### [Exercise brief]
Give back, exactly as written, the lines from the first line of the data below through the line with "This concludes our", and omit the pictures.

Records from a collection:
┌──
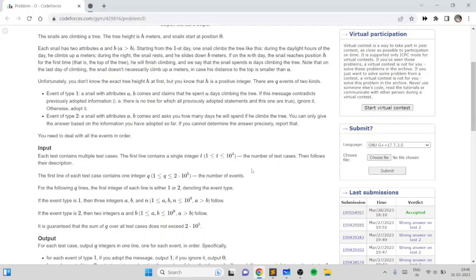In this problem we're basically given a snail climbing up a tree. The tree height is h meters and we do not know this height. We only know the attributes of the snail, a and b, where a represents the amount the snail climbs up during the day and b represents the amount the snail slides down. If the snail climbs up a meters and does not reach the top, it will slide down b meters. The resulting position will be a minus b, then again it climbs a, slides down, and so on — it keeps alternating like that.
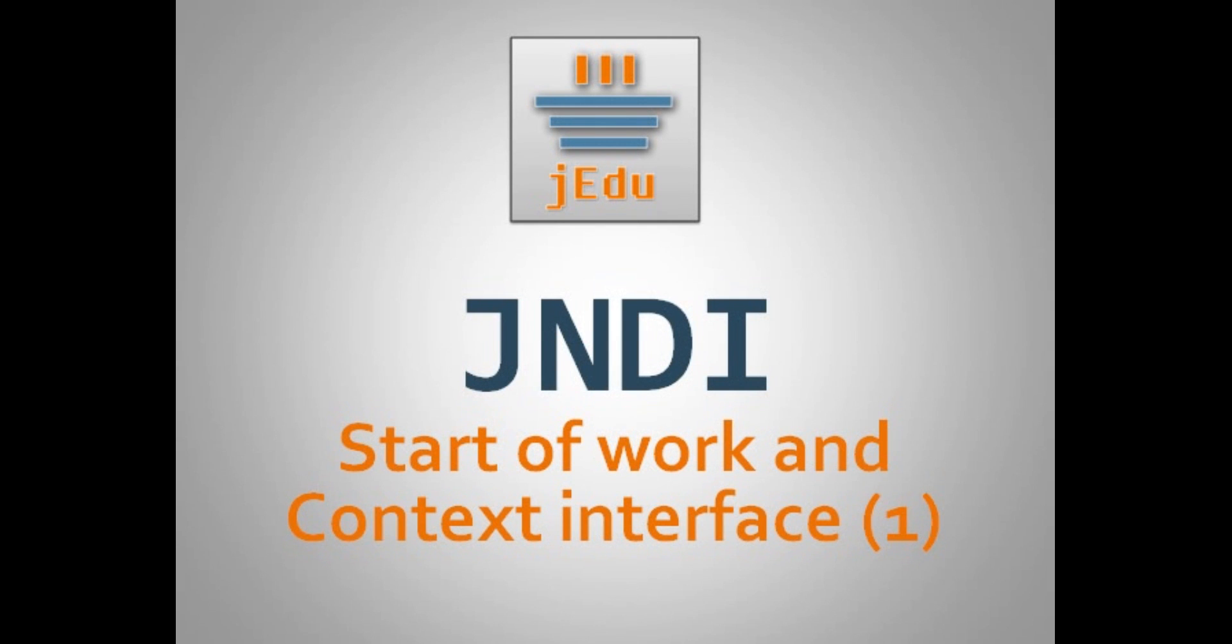And that's the end of the first part of this video. In the second you will see examples of the rest of the methods: lookup, create subcontext, destroy subcontext and two methods for listing a context. If you liked the first part you can click on a thumb up button below the video. Thanks for watching and see you in the second part.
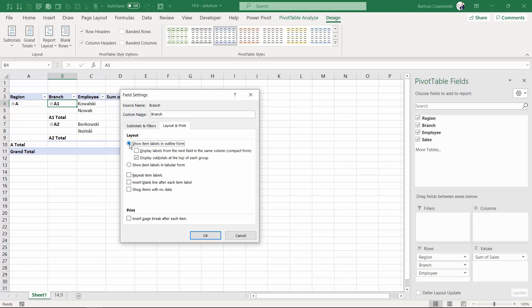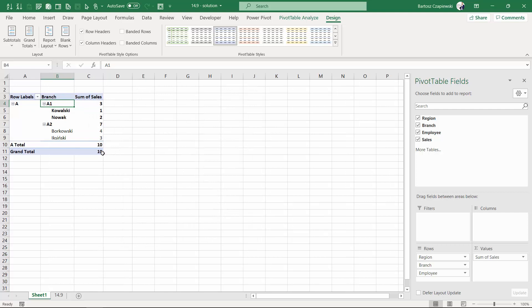So I will turn on show item labels in outline form and I will turn on also the compact form. After hitting OK you will notice that we have tabular form for regions, but the branches and employees keep the compact layout.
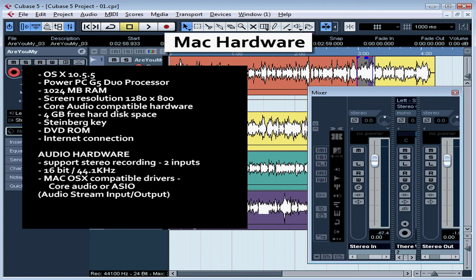This concludes our lesson about Macintosh hardware requirements.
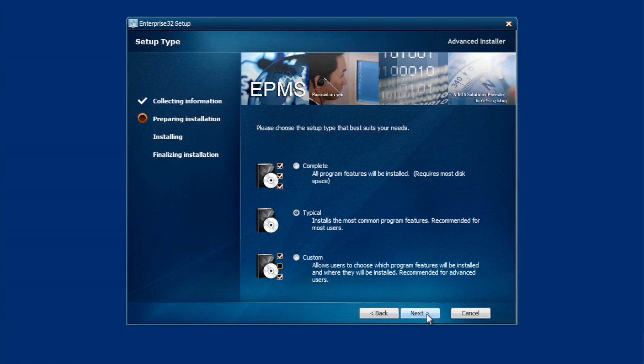A good question. Complete install, which as it says here, is all the program features will be installed. Typical, it installs the most common. Right now, both of those do exactly the same. It installs the entire program. And one point I want to make here is when you do the install with this file, you can use the same file on a machine that's never had Enterprise or a machine that you're upgrading. So both will do the same. Custom is a little different. Let's click on Custom and go to Next.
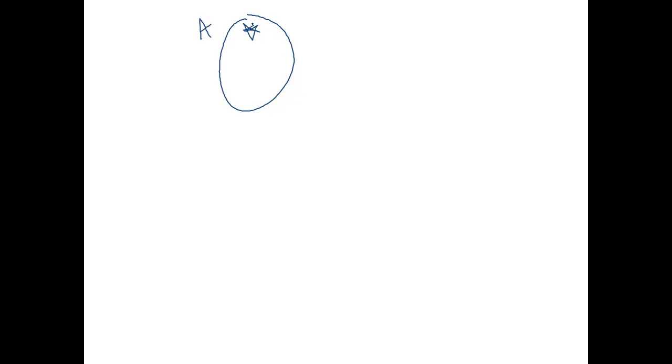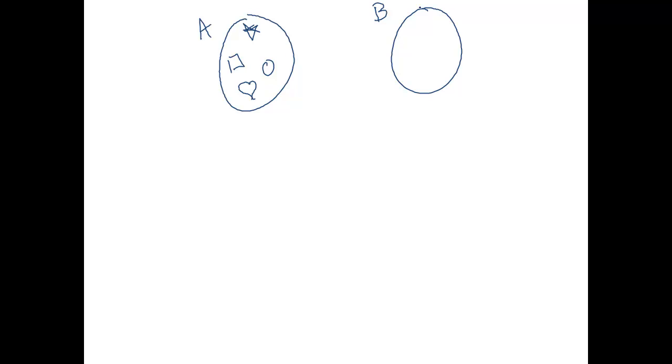Let's make an example. Set A is going to contain a star, a square, a circle, and a heart. And B is going to contain the elements 1, 2, 3, and 4. So I have two sets.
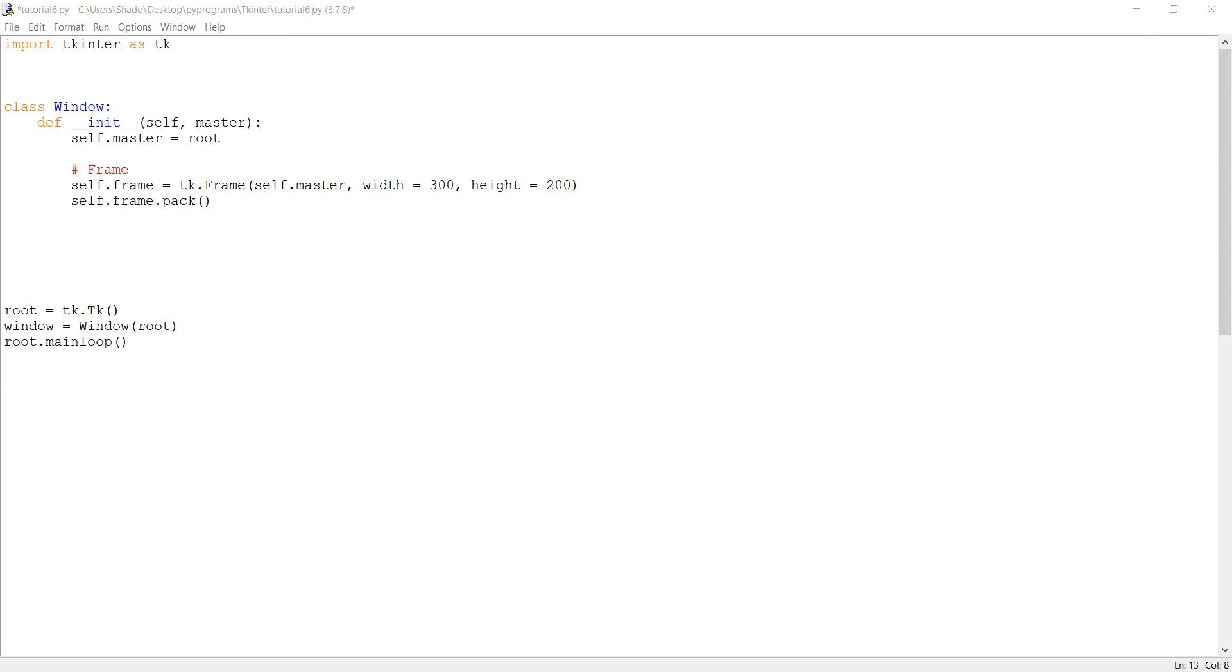Welcome back to another video from our Tkinter tutorial series. In this video we'll be taking a look at the scale widget. The scale widget is a GUI element that presents to the user a range of values and a slider. The user can then use the slider to navigate between these range of values and pick the one that he desires. So let's get right into it.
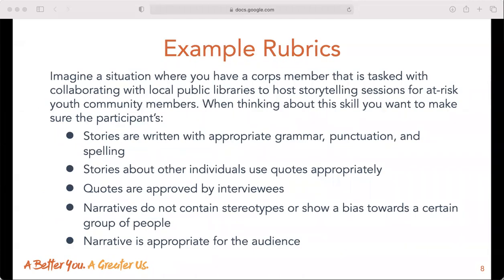Let's use an example. Imagine a participant tasked with collaborating with local public libraries to host storytelling sessions for youth community members as their service. Start with what you want the end result to be, write out the tasks that are needed, and then build out the skills needed for that to be accomplished. In this example, the end results needed are: stories written with appropriate grammar, punctuation, and spelling; stories about other individuals use quotes appropriately; quotes are approved by interviewees; narratives do not contain stereotypes or show bias; and the narrative is appropriate for the audience. We can use this list to fill in the descriptive details, potential performance tasks, and detailed rubric for storytelling skills.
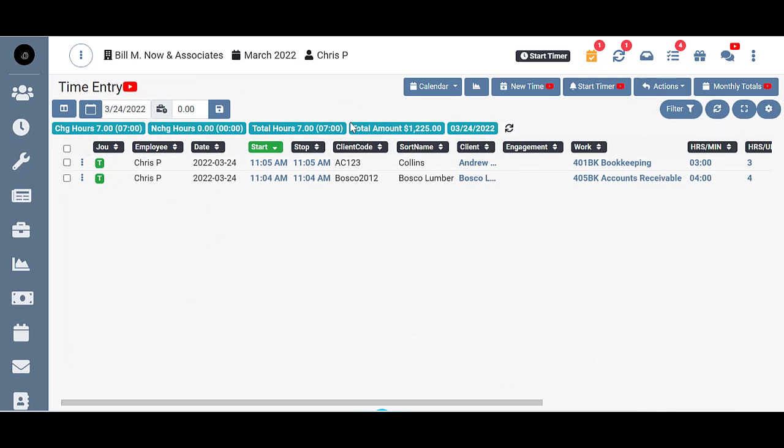As you're going on about your day entering time, billing clients, managing your workflow, you might realize you need to email a client. So TPS has made it easy for you to send that email without having to leave the screen you're on. The time entry screen has that option too, it's a little different though than what you might see on some of the other screens.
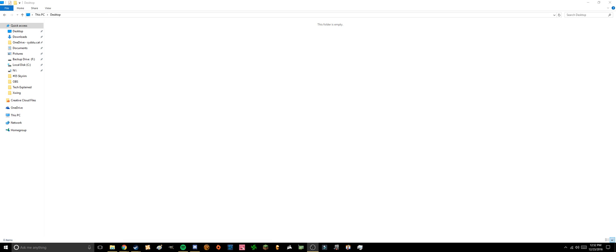Hi everyone, this is Benjamin from Tech Explained and today I'm going to show you how to make a locked or hidden folder in Windows 10.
└──
### [Result of this task]
In this problem we're basically given a snail climbing up a tree. The tree height is h meters and we do not know this height. We only know the attributes of the snail, a and b, where a represents the amount the snail climbs up during the day and b represents the amount the snail slides down. If the snail climbs up a meters and does not reach the top, it will slide down b meters. The resulting position will be a minus b, then again it climbs a, slides down, and so on — it keeps alternating like that.
And that's the end of the first part of this video. In the second you will see examples of the rest of the methods: lookup, create subcontext, destroy subcontext and two methods for listing a context. If you liked the first part you can click on a thumb up button below the video. Thanks for watching and see you in the second part.
So I will turn on show item labels in outline form and I will turn on also the compact form. After hitting OK you will notice that we have tabular form for regions, but the branches and employees keep the compact layout.
This concludes our lesson about Macintosh hardware requirements.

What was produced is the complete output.